Hunstone’s business horizons started to expand three years ago when his company, Visual Print & Design, acquired Go Digital, a print and finishing firm just over 50 miles from Lincoln. Go Digital in Derby, nearly 30 years old, had ticked over on £105,000 turnover annually for several years. Within a year he added 70%, while a year later the reinvigorated firm had hit the £200,000 sales threshold.
“We rebranded the company and transferred all customers to Lincoln. This was a good exercise in learning how our brand would fare outside its home territory, so for me Derby marked the dipping of a toe in the water to see if another location would work for us.
“I’m from Scotland and always wanted to open an office up there. And I reckoned the brand would work well.”
He was also fortunate to be in good company. Friend Lorraine Noble-Thompson is based in Scotland, has been in print for around 30 years and is a whiz in areas such as marketing and mailings. Both of them saw the potential of such a move – the pair have witnessed other businesses that have “gone by the wayside” up north because customers were not getting what they wanted. Hunstone, meanwhile, was keen to expand his brand and a particular kind of service.
“Many people want to drop into a printer and use it as a one-stop shop. They want a range of different printed materials without having to go to a range of different printers. We wanted to target schools and colleges, councils and marketing companies, all of which have varying print demands. I knew this was going against the grain and could be a big risk at a time of economic uncertainty.

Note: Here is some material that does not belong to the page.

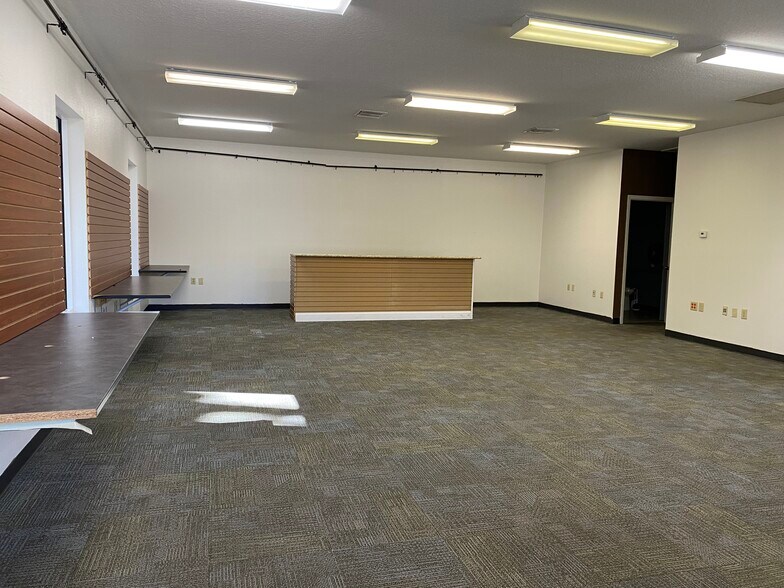 More Photos Of 208 S US-27 Hwy, Lady Lake General Retail For Lease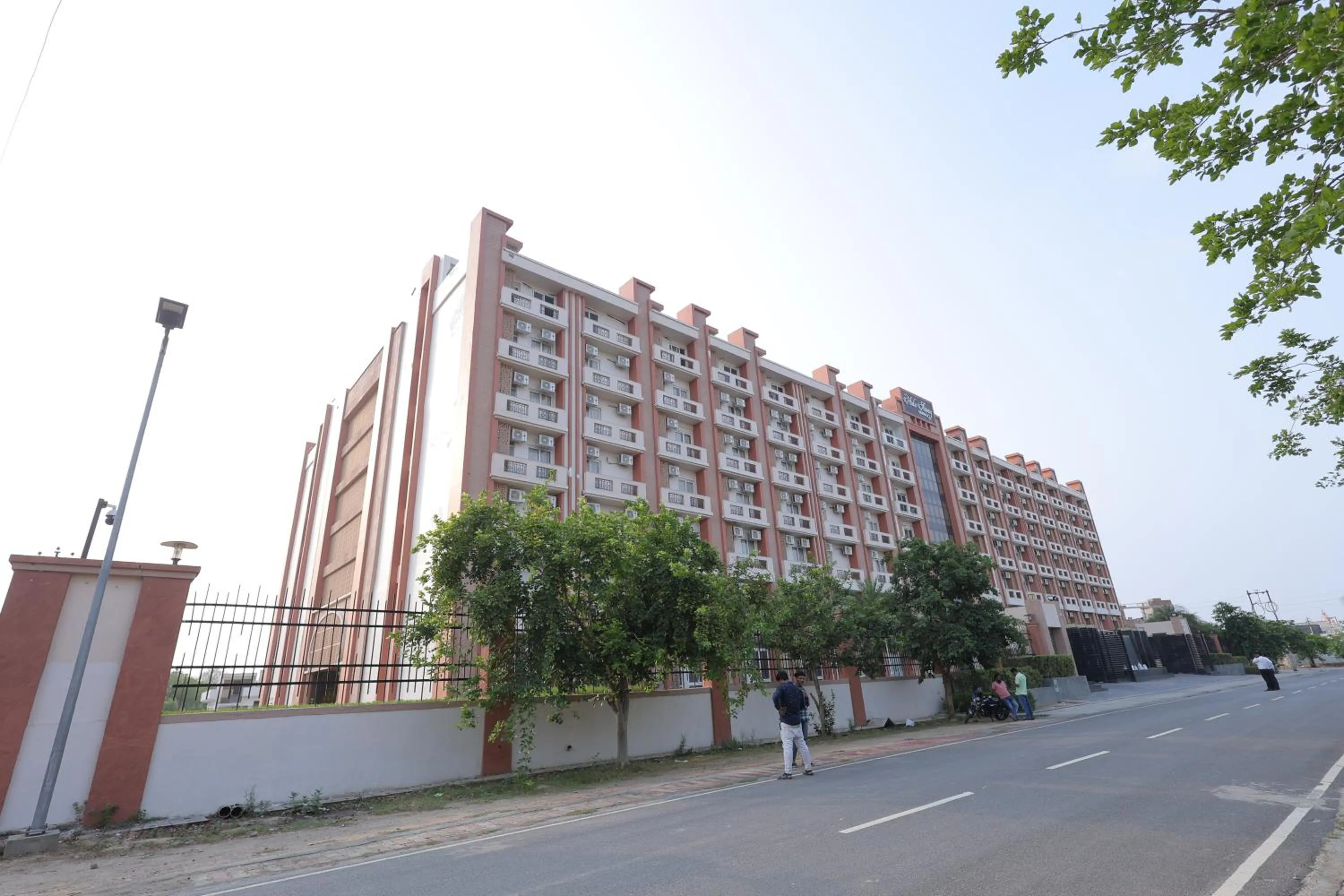 Property building in Hide Away Studios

“Not only are businesses across all sectors consolidating into single premises. But who wants to open a bricks-and-mortar sales office in this internet age? Everything however comes with risks: I’ve taken a few and many have paid off. But some haven’t and you have to suck them up, learn from the experience and use it to strengthen your brand. If you don’t take risks, you won’t grow.”
And Hunstone’s business has grown. He started Visual Print & Design solo as a print management business nine years ago with £250 in his pocket. The venture snapped up a few digital and large-format machines a few years later to broaden its service and within just over five years had gone from zero to £750,000 turnover. The company currently has 10 staff and a turnover of £1m.
Hunstone and Noble-Thompson spent six months firming up marketing and business plans, looking at target markets, evaluating competition, considering the brand, and focusing on differentiation and competition in terms of price, product, or service. They also had to think of budgets, and both have put up significant amounts of cash to make Visual Print & Design Scotland take off.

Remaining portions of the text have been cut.